Mi vestii velocemente e scesi anch’io al pian terrendo.  Dell’ombra di Thomas non c’era traccia. Per un secondo mi era venuto il terrore che fosse sparito così come le sere prima.
“Ti aspetta in macchina”, mi disse Nicole affacciandosi dalla cucina e tirai un sospiro di sollievo.
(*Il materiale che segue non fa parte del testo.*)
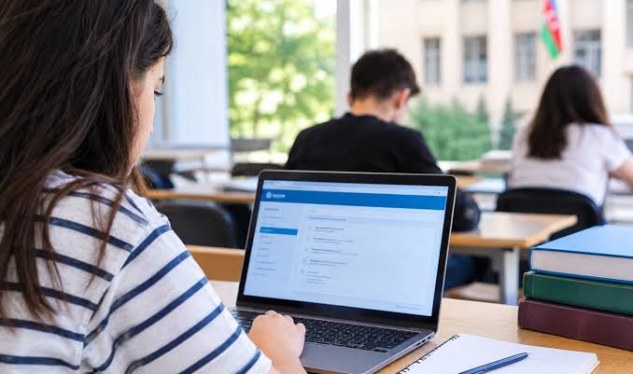 Bağlanan kolleclərin məzunları universitetə qəbul ola biləcəklər?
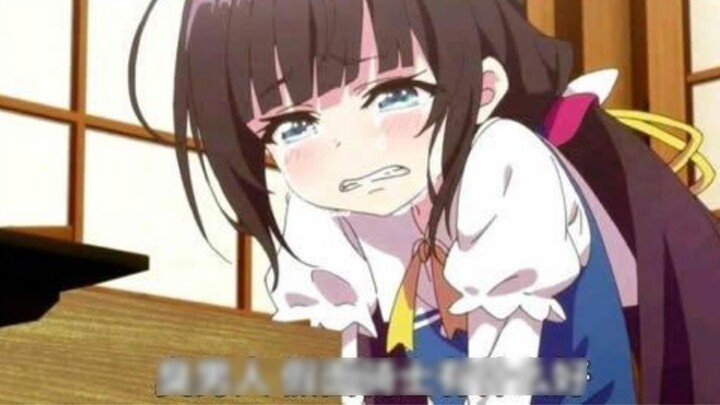 Damn man, go marry your Kamen Rider!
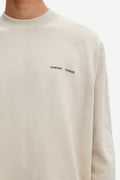 Norsbro Crew Neck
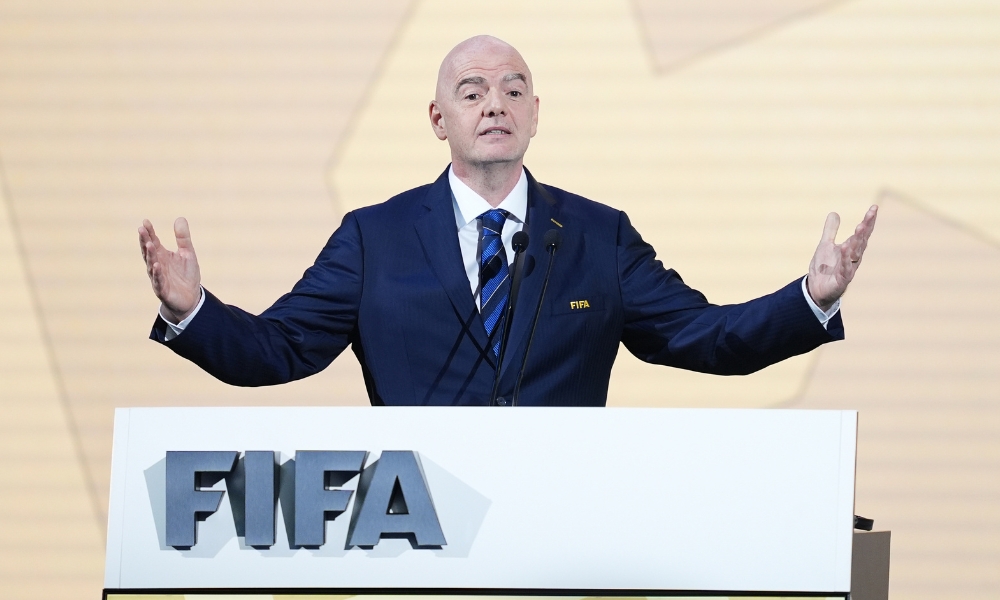 近尾声的时 近尾声的时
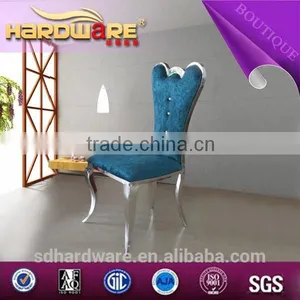 Navy Blue Banquet Chair Covers Blue Chair Navy Blue Chair Covers Quality Choice thumbnail-1
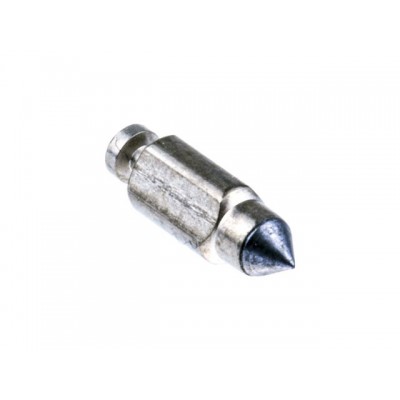 Голка карбюратора H226D-05 для Husqvarna 525Bx (5796319-01)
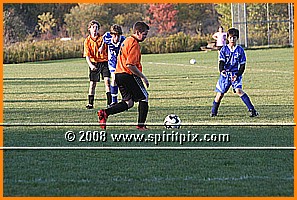 IMG_5290.JPG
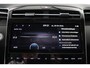 Hyundai Tucson 1.6 T-GDI PHEV Premium Sky 4WD Panoramadak, Volleder, Stoelverwarming/ventilatie, 360Camera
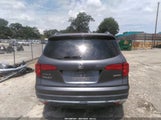 Honda Pilot Touring 5FNYF5H99GB045533 снимка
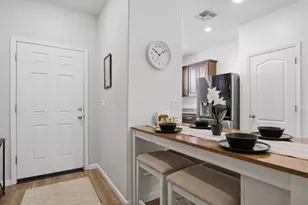 1974 Manchester Dr, Marysville, CA 95901 - Photo 8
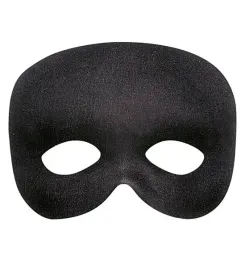maska-maski-czarna-karnawalowa-unisex-bal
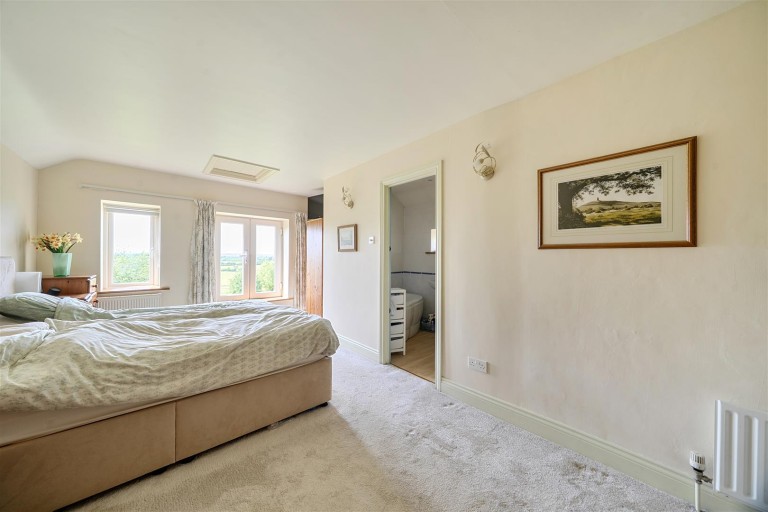 Images for Martock Road, Long Load, Langport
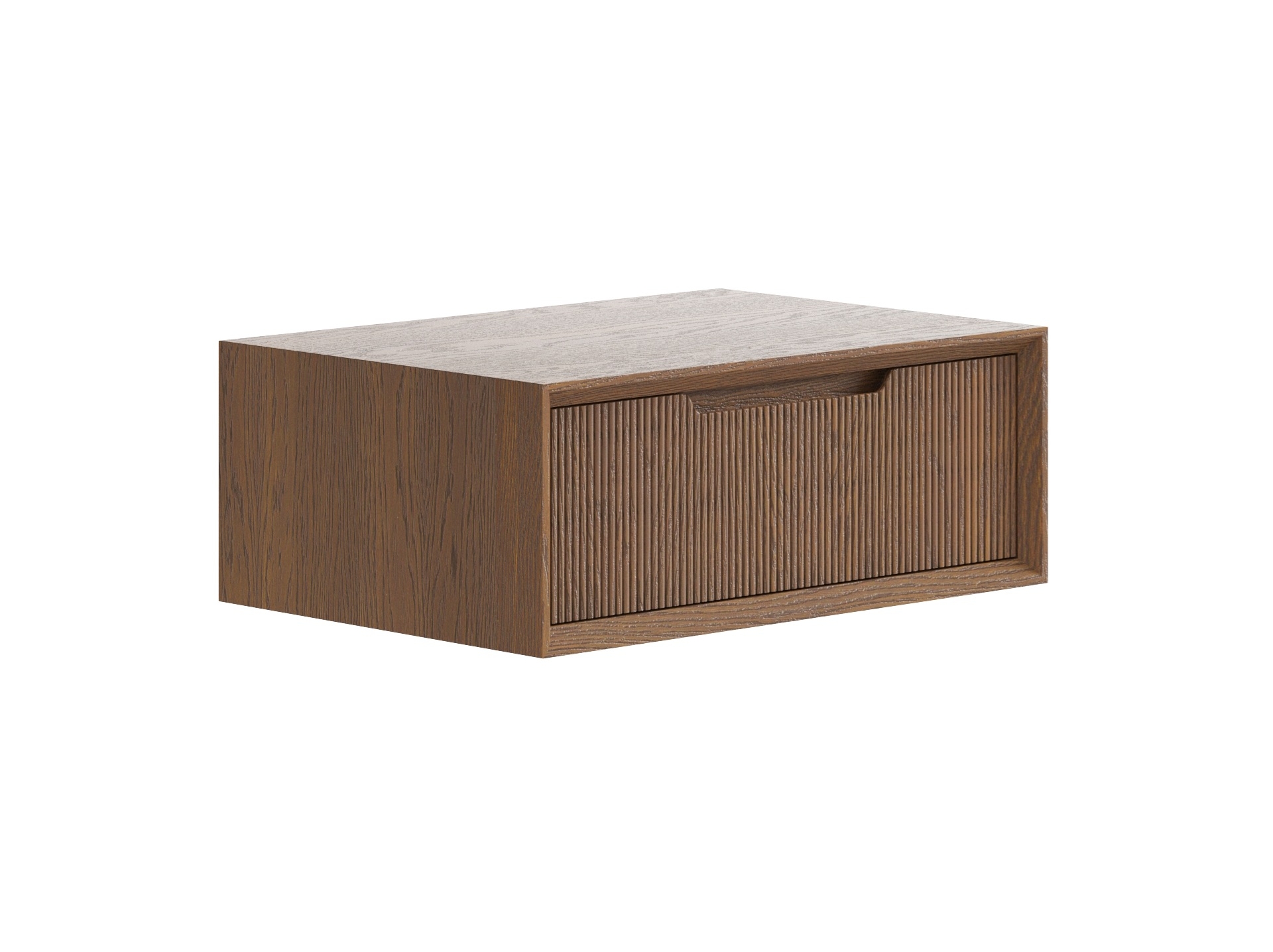 Прикроватная тумба Velvet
Mi diede un’occhiata e alzò il pollice in segno di approvazione. “Sei stupenda, baby”, aggiunse facendomi l’occhiolino.
“A dopo”, la salutai per poi scomparire dietro la porta.
Raggiunsi Thomas in macchina che stava canticchiando una canzone che passavano alla radio.  “Andiamo?”, gli chiesi sorridendo, lui accese il motore e partimmo.
Quando la macchina si fermò ci trovammo davanti una grande insegna di legno con scritto Seaport Village in bianco.
Camminammo lungo la strada dove ai lati di questa erano posizionati negozi di vario genere e dall’altra c’era il litorale, c’era perfino una giostra con i cavalli.
“Posso farti una domanda?”, mi chiese.
“Dimmi”
“Non ti mancano i tuoi genitori e i tuoi amici? Io non riuscirei mai ad andarmene da un momento all’altro e abbandonare tutto”
“Ma io non me ne sono andata da un momento all’altro, ci ho pensato e ripensato e quando ho sentito che fosse il momento giusto di andarmene, l’ho fatto”
“E hai già chiamato qualcuno?”
“No, non sono ancora pronta a farlo…”
“Allora credono che sei stata rapita da qualcuno tipo... li alieni”, disse ridendo e iniziando a camminare davanti a me senza perdere il contatto con i miei occhi.
“Non dire sciocchezze!”, risi. “Non sanno dove sono andata, certo, però ho lasciato a loro un biglietto con scritto che me ne ero andata”
“Ancora non mi hai detto perché l’hai fatto”
“Vedi, a un certo punto tutto intorno a te inizia starti stretto”, dissi appoggiandomi alla ringhiera di legno e guardai il sole alto in cielo, volevo prendere tutti i raggi possibili così da sentire il calore sulla mia pelle. “Gli amici ti tradiscono, la città ti soffoca, le persone su cui potevi contare erano sparite nel momento del bisogno e diventavano sempre più false, arrivati a questo punto pensi ‘Che si fottano tutti!’”, aprii gli occhi e lo guardai.
“Sei determinata a dire queste cose”
“Lo sono!”, affermai fiera.
“E davvero non ti manca nessuno di questi?”
“Per nulla”, continuai. “Sono cresciuta senza legarmi a niente, non mi sono mai affezionata troppo a qualcosa o a qualcuno, più gli vuoi bene e più velocemente se ne andrà o farà qualcosa che ti ferirà e sarà troppo tardi per rimediare allo stupido errore commesso”
“Presto le cose cambieranno, però...”
“In che senso?”
“Adesso se qui, sei abbastanza lontana da tutti loro, sei dove hai sempre voluto essere, non vedo il motivo per non legarti alle persone, non pensi?”
“Durante la mia vita, ho sempre avuto paura di perdere chi amassi, ma poi, certe volte mi sono chiesta se qua fuori ci sia qualcuno che ha paura di perdermi”, sospirai. “La cosa è strana e lo so che non ha senso però quello che sto cercando di dire è che non credo che ci riuscirò”
“Però potresti provarci”, non risposi, non sapevo cosa dire. “Ehi, non sto dicendo che se ti affezionerai a noi, noi ti feriremo, soltanto che magari…”
“Ho capito cosa stai dicendo”, dissi sorridendo.
“E come mai hai scelto proprio San Diego?”
“Non lo so, mi sarebbe piaciuto andate a Los Angeles magari soltanto a visitarla oppure magari andarci a vivere”
“Quindi stavi andando a Los Angeles?”
“Se il primo aereo non fosse stato la mattina successiva probabilmente, ora, sarei a L.A. con altre persone ma non mi sono pentita della decisione che ho preso, atterrando a San Diego ho conosciuto Nicole e te ma non prometto che resterò qui per sempre”, per pochi istanti i nostri occhi si scontrarono e una strana elettricità passò tra di noi.
“Vieni”, mi afferrò per mano e mi trascino davanti a un locale.